Time zones

Important things to know:

  1. DateTime inside clickhouse is actually UNIX timestamp always, i.e. number of seconds since 1970-01-01 00:00:00 GMT.
  2. Conversion from that UNIX timestamp to a human-readable form and reverse can happen on the client (for native clients) and on the server (for HTTP clients, and for some type of queries, like toString(ts))
  3. Depending on the place where that conversion happened rules of different timezones may be applied.
  4. You can check server timezone using SELECT timezone()
  5. clickhouse-client also by default tries to use server timezone (see also --use_client_time_zone flag)
  6. If you want you can store the timezone name inside the data type, in that case, timestamp <-> human-readable time rules of that timezone will be applied.
SELECT
    timezone(),
    toDateTime(now()) AS t,
    toTypeName(t),
    toDateTime(now(), 'UTC') AS t_utc,
    toTypeName(t_utc),
    toUnixTimestamp(t),
    toUnixTimestamp(t_utc)

Row 1:
──────
timezone():                                Europe/Warsaw
t:                                         2021-07-16 12:50:28
toTypeName(toDateTime(now())):             DateTime
t_utc:                                     2021-07-16 10:50:28
toTypeName(toDateTime(now(), 'UTC')):      DateTime('UTC')
toUnixTimestamp(toDateTime(now())):        1626432628
toUnixTimestamp(toDateTime(now(), 'UTC')): 1626432628

Since version 20.4 clickhouse uses embedded tzdata (see https://github.com/ClickHouse/ClickHouse/pull/10425 )

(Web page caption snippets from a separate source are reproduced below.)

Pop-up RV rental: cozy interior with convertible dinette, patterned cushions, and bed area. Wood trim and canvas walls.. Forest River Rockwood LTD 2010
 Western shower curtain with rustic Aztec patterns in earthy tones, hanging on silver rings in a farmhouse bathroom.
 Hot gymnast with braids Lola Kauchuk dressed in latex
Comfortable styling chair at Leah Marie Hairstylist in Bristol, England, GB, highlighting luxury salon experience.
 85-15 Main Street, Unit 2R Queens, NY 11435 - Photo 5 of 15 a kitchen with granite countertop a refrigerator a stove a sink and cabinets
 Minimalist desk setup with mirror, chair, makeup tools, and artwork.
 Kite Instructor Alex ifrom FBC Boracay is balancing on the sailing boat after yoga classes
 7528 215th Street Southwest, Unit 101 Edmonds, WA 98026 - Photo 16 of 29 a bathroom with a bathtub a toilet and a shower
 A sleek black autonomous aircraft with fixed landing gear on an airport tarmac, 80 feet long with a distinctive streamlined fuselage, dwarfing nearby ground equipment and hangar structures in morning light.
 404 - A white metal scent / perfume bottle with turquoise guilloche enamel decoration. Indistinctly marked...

You get used tzdata version

SELECT *
FROM system.build_options
WHERE name = 'TZDATA_VERSION'

Query id: 0a9883f0-dadf-4fb1-8b42-8fe93f561430

┌─name───────────┬─value─┐
 TZDATA_VERSION  2020e 
└────────────────┴───────┘

and list of available time zones

SELECT *
FROM system.time_zones
WHERE time_zone LIKE '%Anta%'

Query id: 855453d7-eccd-44cb-9631-f63bb02a273c

┌─time_zone─────────────────┐
 Antarctica/Casey          
 Antarctica/Davis          
 Antarctica/DumontDUrville 
 Antarctica/Macquarie      
 Antarctica/Mawson         
 Antarctica/McMurdo        
 Antarctica/Palmer         
 Antarctica/Rothera        
 Antarctica/South_Pole     
 Antarctica/Syowa          
 Antarctica/Troll          
 Antarctica/Vostok         
 Indian/Antananarivo       
└───────────────────────────┘

13 rows in set. Elapsed: 0.002 sec.

Clickhouse uses system timezone info from tzdata package if it exists, and uses own builtin tzdata if it is missing in the system.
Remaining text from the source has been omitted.